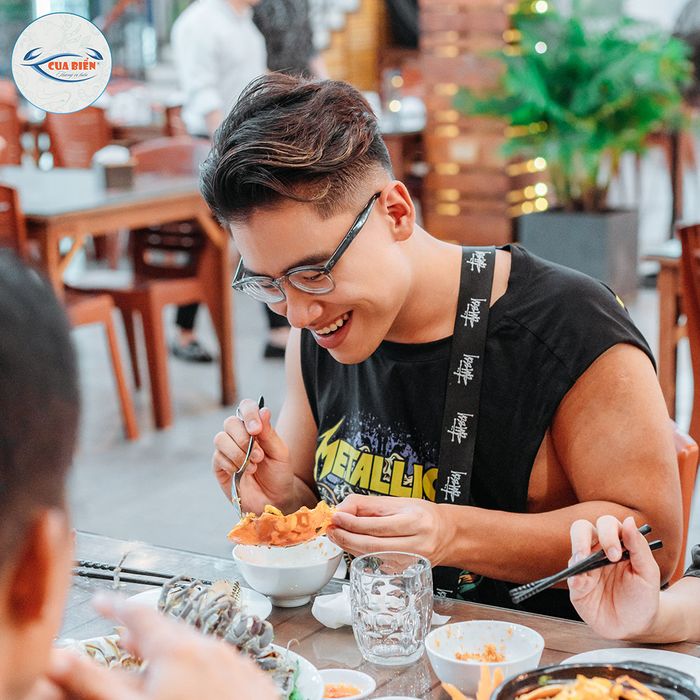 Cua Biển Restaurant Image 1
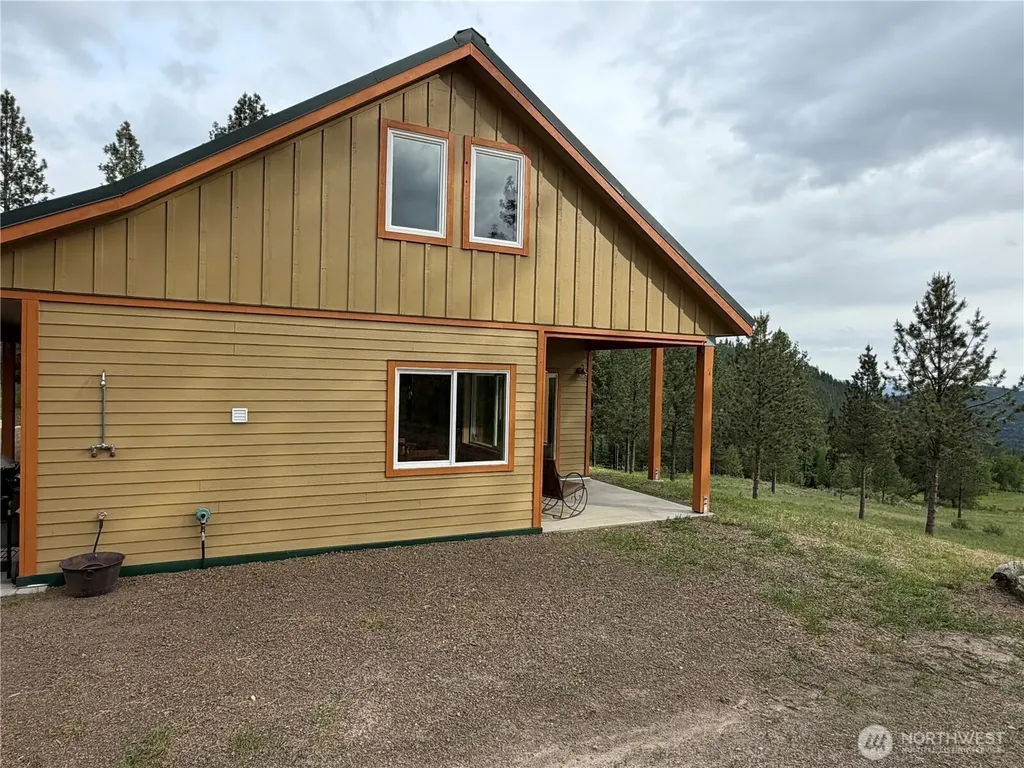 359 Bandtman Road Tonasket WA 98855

- - - -

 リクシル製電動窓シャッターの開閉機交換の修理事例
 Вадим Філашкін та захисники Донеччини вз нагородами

- - - -

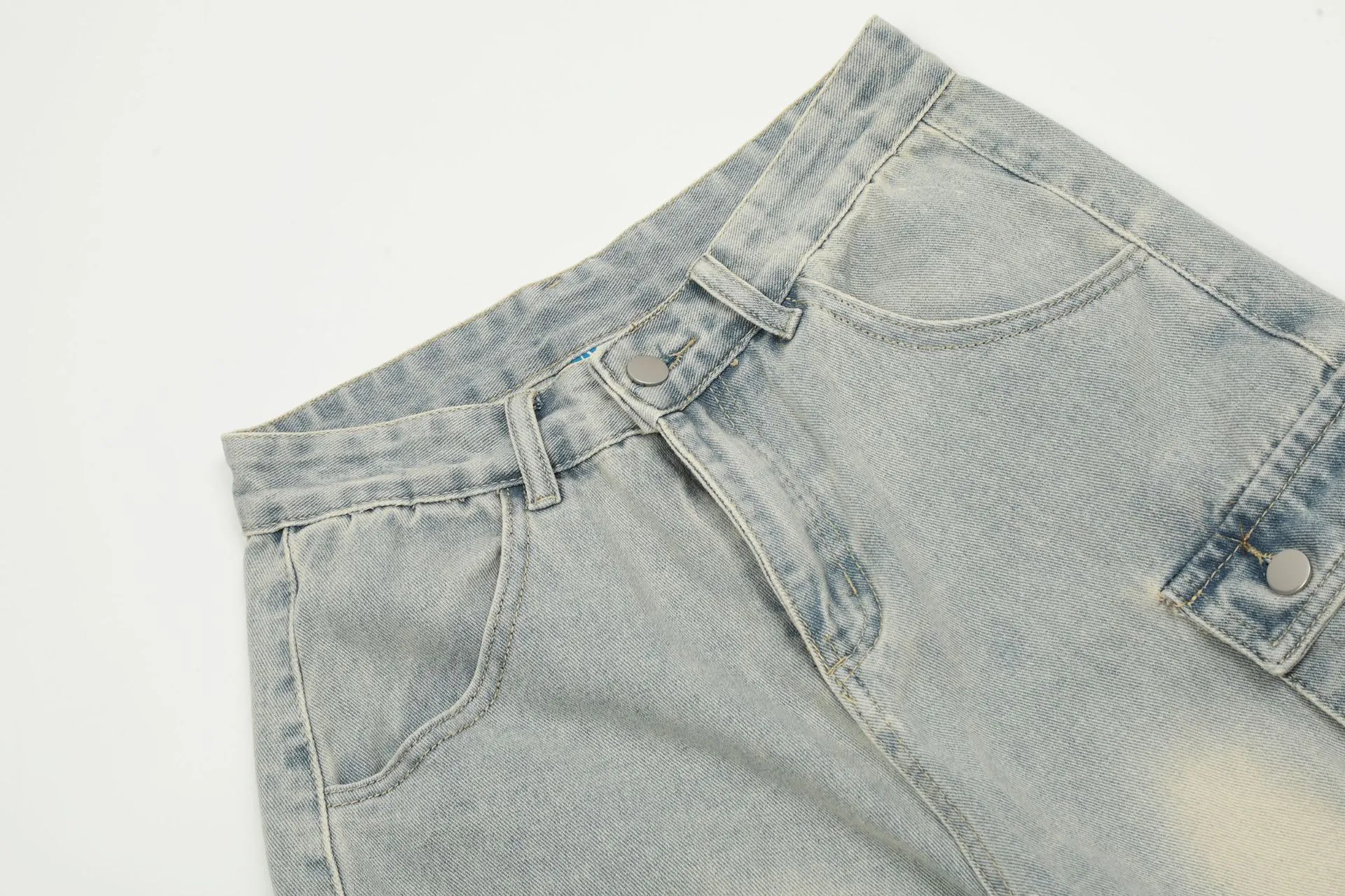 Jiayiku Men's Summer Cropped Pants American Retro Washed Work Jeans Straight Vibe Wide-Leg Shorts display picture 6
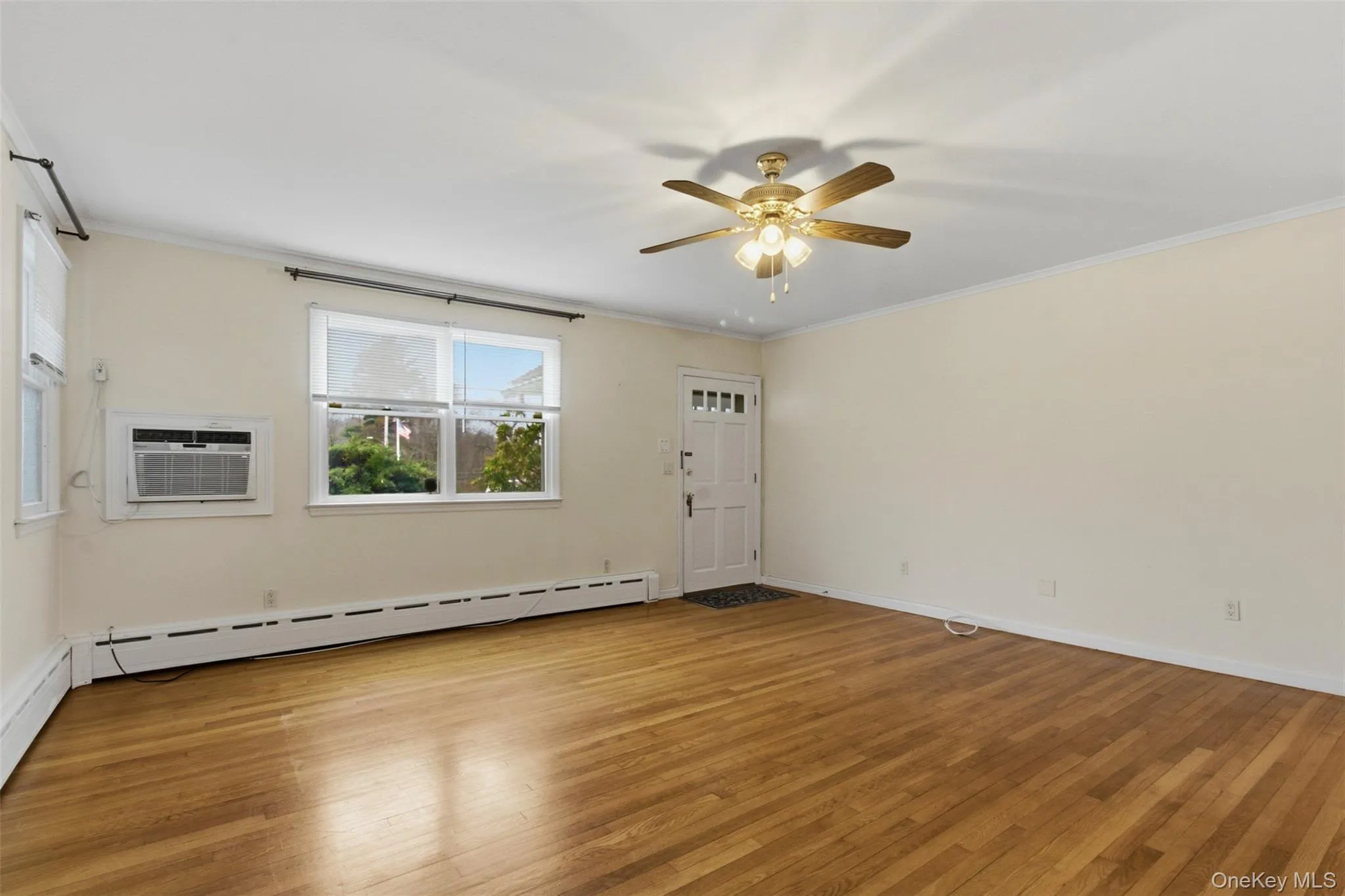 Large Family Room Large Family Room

- - - -

Problem details:
In the listing above, find the line with "Jiayiku Men's Summer" and the line with "Large Family Room Large Family Room". Transcribe those two and everything between, exactly, leaving out pictures.

Response:
 Jiayiku Men's Summer Cropped Pants American Retro Washed Work Jeans Straight Vibe Wide-Leg Shorts display picture 6
 Large Family Room Large Family Room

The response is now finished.